Convicted along with other “Texas 7” inmates in the murder of a police officer responding to a robbery at a store in Dallas after they escaped from a maximum security prison eight years ago, “I’m guilty of what they said—everything,” Michael Rodriguez, 45, tells the Associated Press in his first, and what he says will be his only, media interview. He was in prison initially for the murder-for-hire killing of his wife.

While it was “thrilling” to escape in December 2000 from a maximum security prison with six other inmates, the situation soon went badly wrong, as the group attempted to rob a sporting goods store in suburban Dallas that had 17 workers inside. A woman outside spotted the unusual activity, and called police. Rodriguez says he ducked under sleeping bags filled with loot when he saw the police car outside, and heard shots he thought were fired at the robbers.

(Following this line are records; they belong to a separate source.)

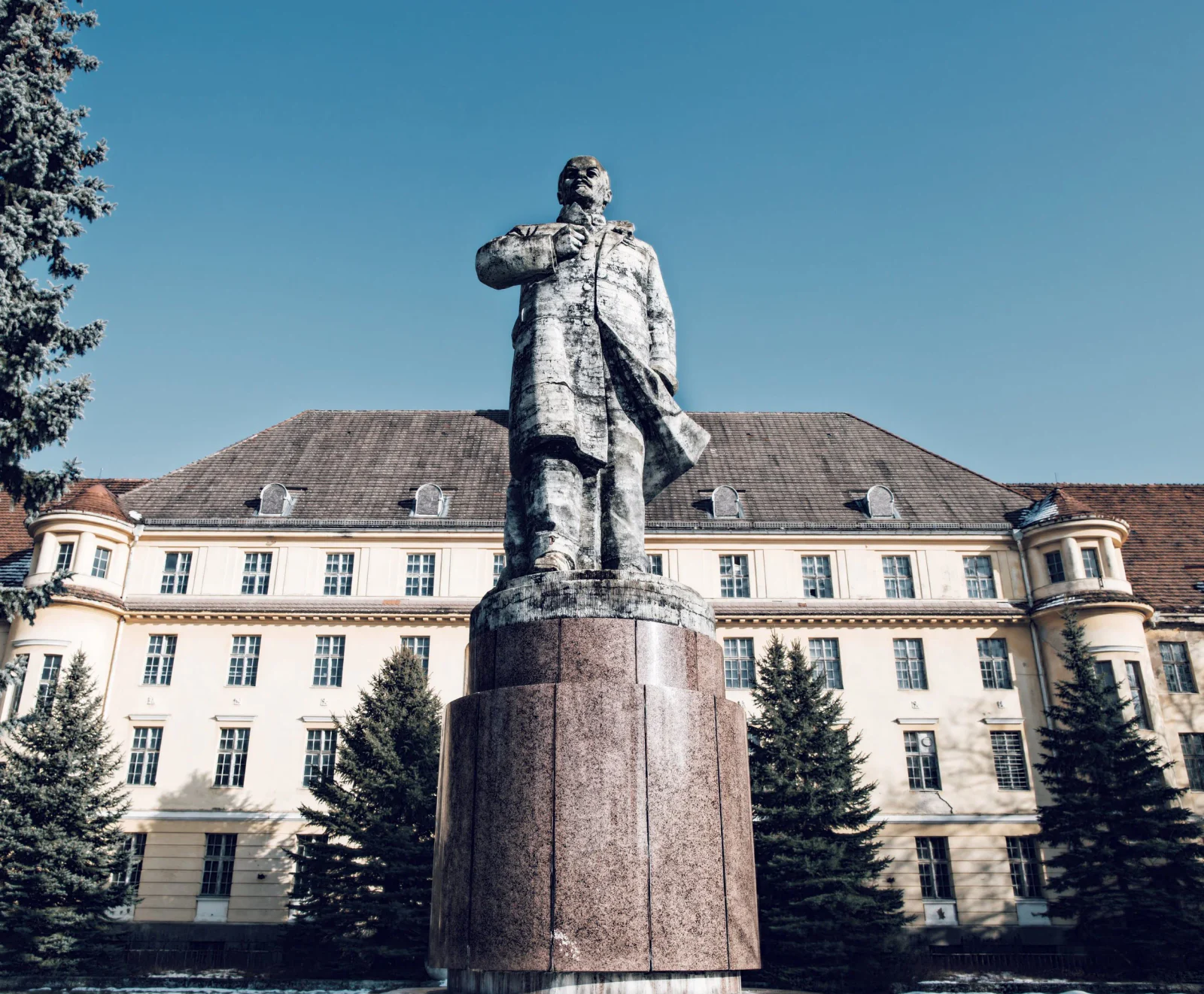 Dokumentarfotografie verlassener Orte – Aufnahme 015 von Sebastian Hallabrin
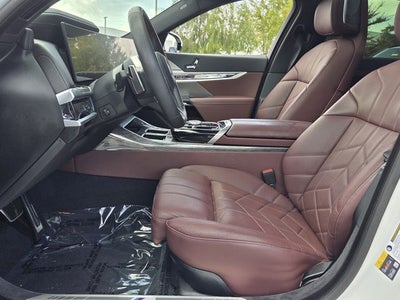 2025 BMW i7 xDrive60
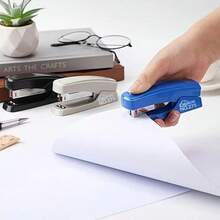 Grapadora de escritorio manual azul y negra con 2 cajas de 2000 grapas, de plástico duradero, adecuada para oficina, hogar y uso profesional, grapadora de escritorio para el hogar | Grapadora de escritorio moderna | Marcado claro para grapar - A - Ver 4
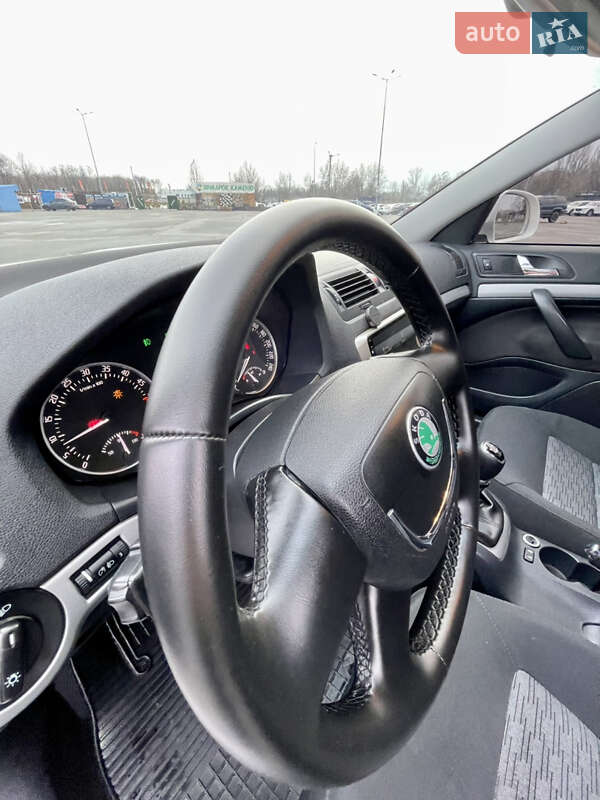Лифтбек Skoda Octavia 2012 в Днепре фото 13 Лифтбек Skoda Octavia 2012 в Днепре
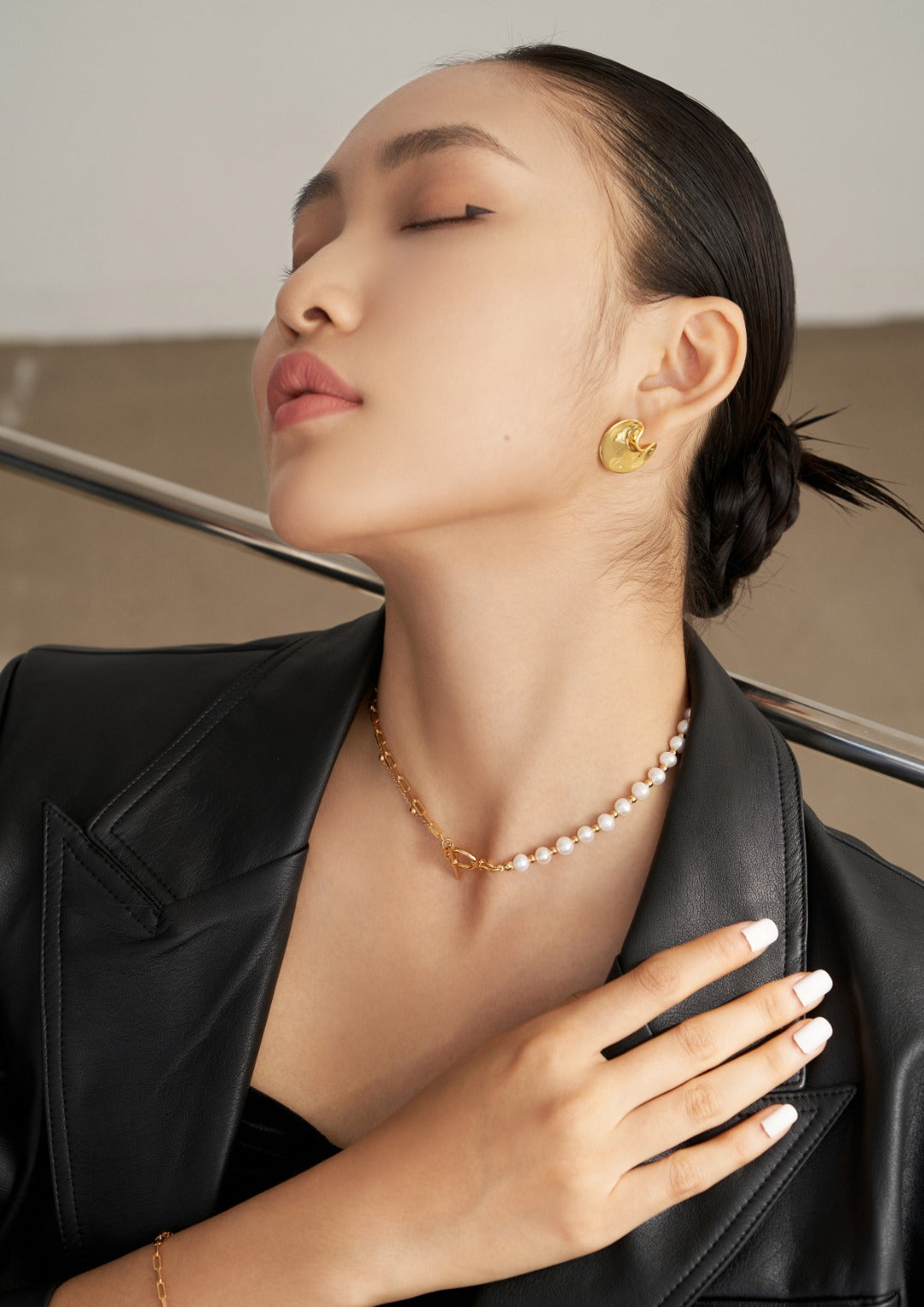 纯银珍珠项链
链条拼接设计搭配珍珠
金属潮酷与甜美珍珠完美结合
既可以潮酷,又有点甜美风
戴在脖子上很吸睛 超A!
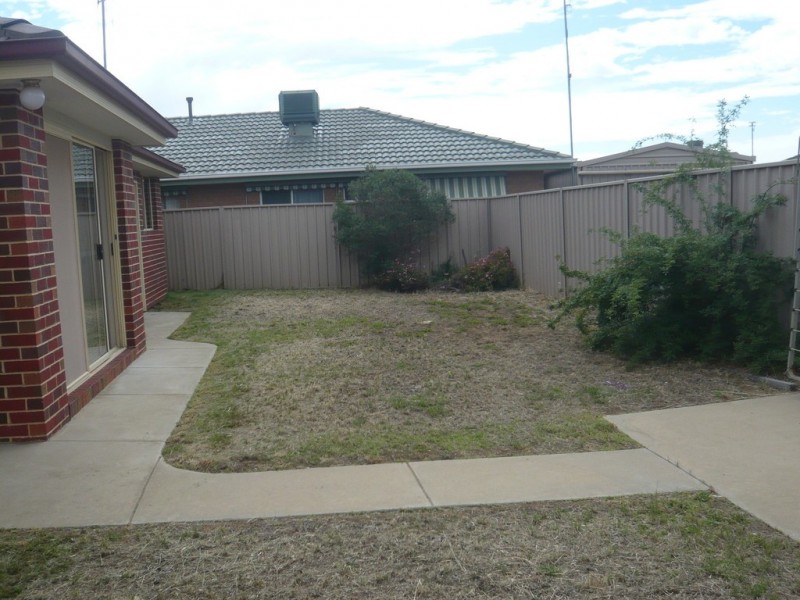 2/2 Genevieve Ave, Echuca VIC 3564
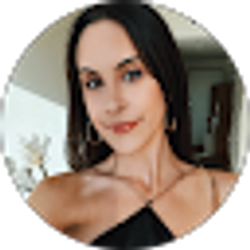 Profile photo of Haley Simons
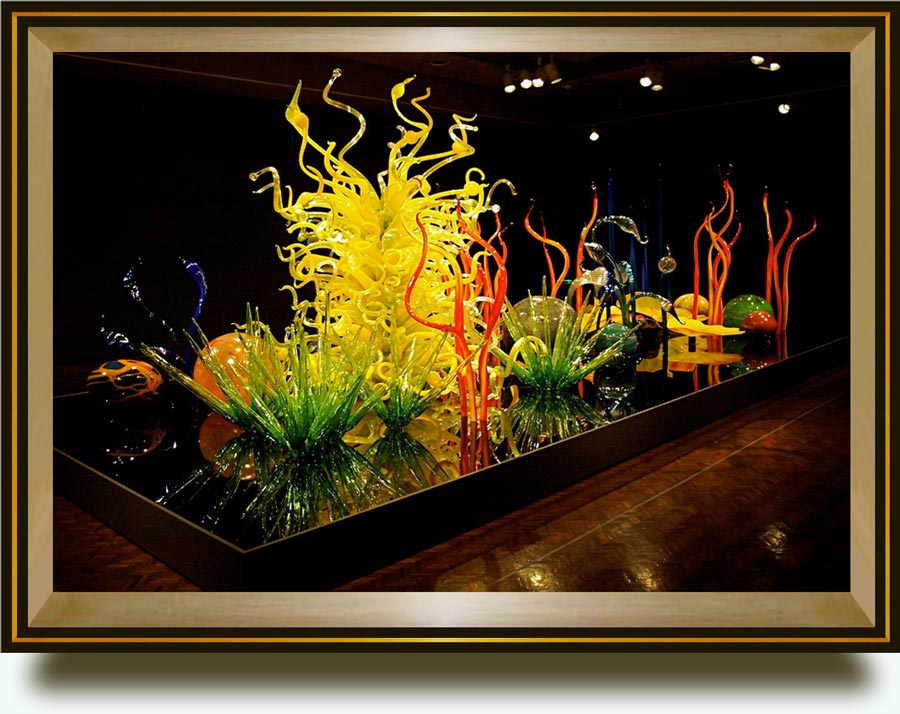 Dale Chihuly (b. 1941 in Tacoma, Washington, United States). Mille Fiori. From the «Chihuly Illuminated» exhibit at the Columbus Museum of Art (September 25, 2009 – July 4, 2010)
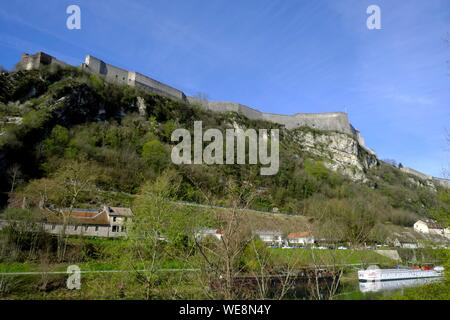 France, Doubs, Besancon, the Doubs river, the citadel listed as World Heritage by UNESCO Stock Photo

“But no, it was us,” he says, and the officer, he saw, was apparently dead in his police car.

At trial, his lawyers argued that he should be spared the death penalty because he been sexually abused by a Catholic priest when he was in high school. But that wasn’t true, Rodriguez says, and it is right that he should be executed—both for the officer’s murder, and for the killing of his wife, a “wonderful person” who didn’t deserve her fate.

“I need to pay back. I can’t pay back monetarily,” he says. “This is the way.”